— AIM OF THE TASK —
Whatever pictures the entries hold, omit them, and output exactly the lines from the one containing "Volvo V60 из Кореи Encar" through the final line.

**** DATA SUPPLIED

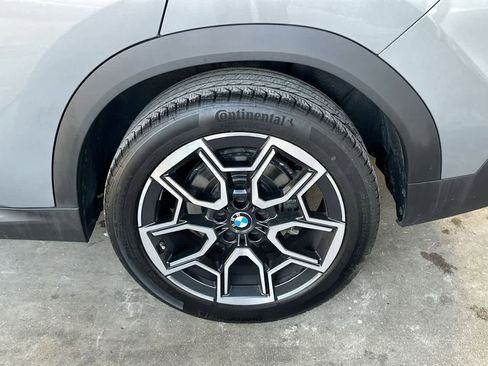 Used 2025 BMW X2 xDrive28i AWD/4WD image 11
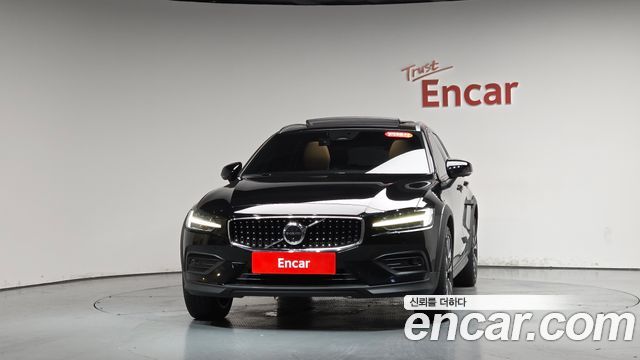 Volvo V60 из Кореи Encar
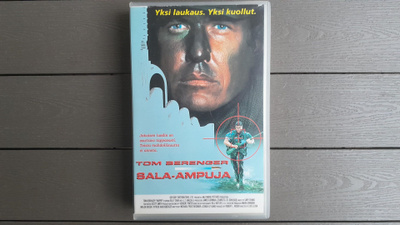 VHS: Sala-ampuja / Sniper (Tom Berenger, Billy Zane 1993)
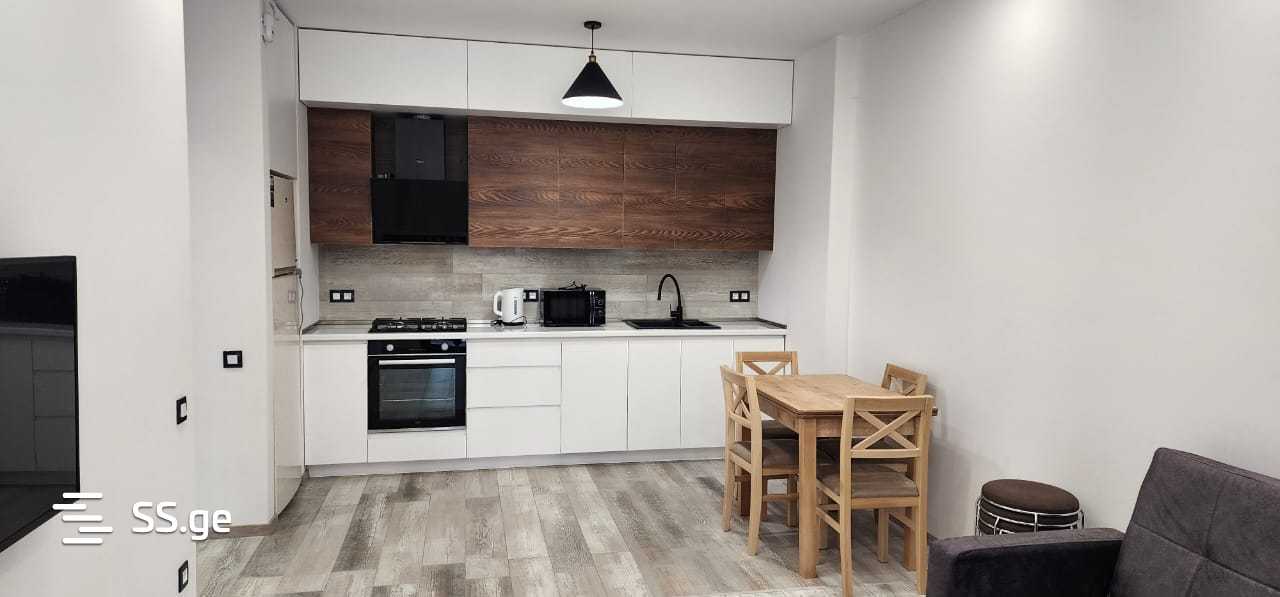 A. Bakradze st. 7 - 3 rooms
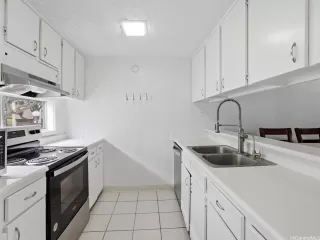 Photo #3: 202605709 Listing 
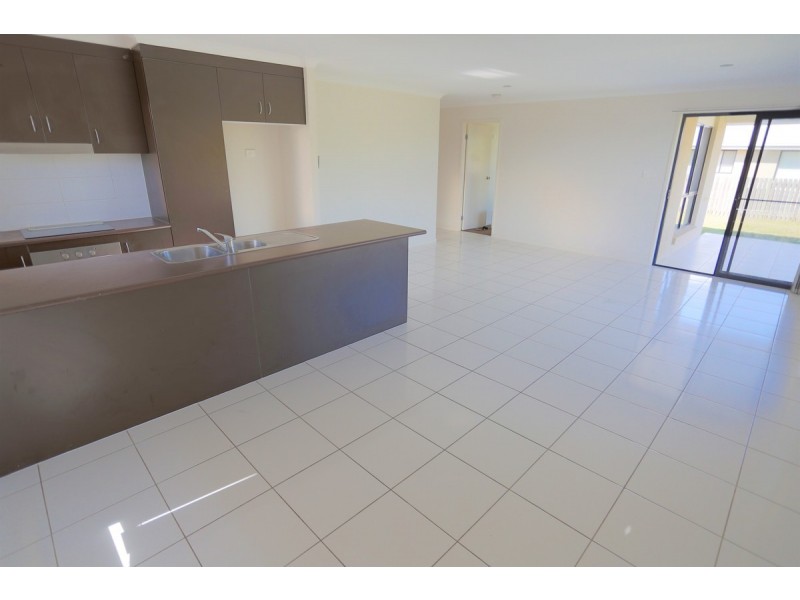 60 Falcon Crest, Zilzie QLD 4710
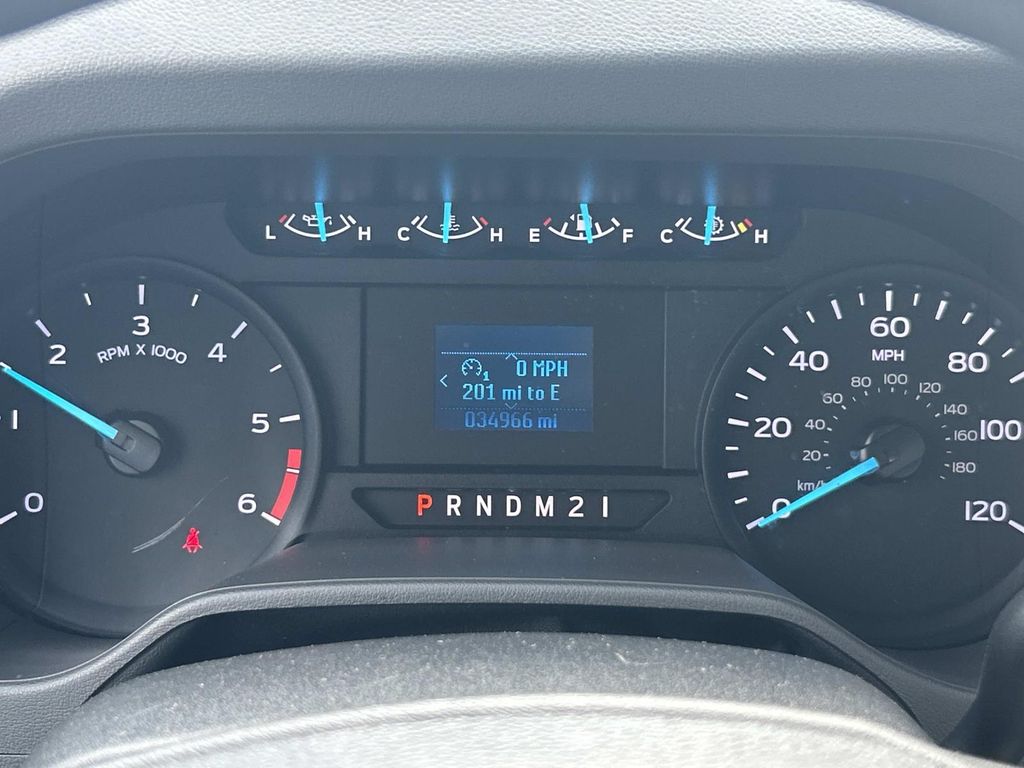 Vehicle photo 45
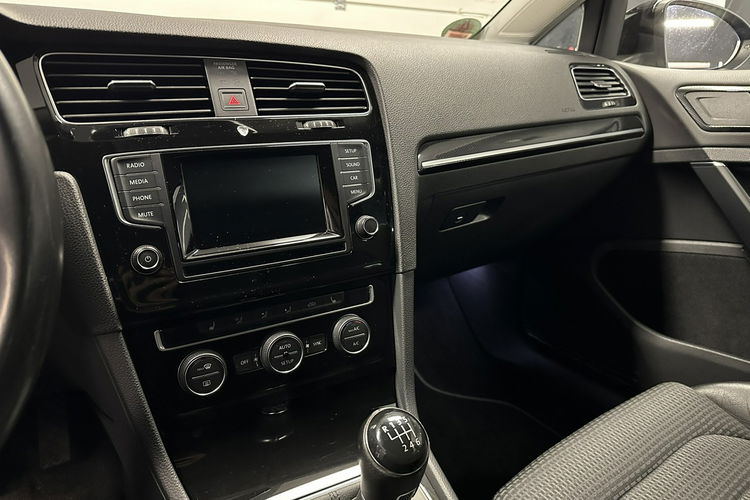 Volkswagen Golf VW Golf VII Kombi 1.4 TSI HL BMT Pół-skóry Masaże Po Opłatach GWARANCJ zdjęcie 13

********

— SOLVED EXERCISE —
 Volvo V60 из Кореи Encar
 VHS: Sala-ampuja / Sniper (Tom Berenger, Billy Zane 1993)
 A. Bakradze st. 7 - 3 rooms
 Photo #3: 202605709 Listing 
 60 Falcon Crest, Zilzie QLD 4710
 Vehicle photo 45
 Volkswagen Golf VW Golf VII Kombi 1.4 TSI HL BMT Pół-skóry Masaże Po Opłatach GWARANCJ zdjęcie 13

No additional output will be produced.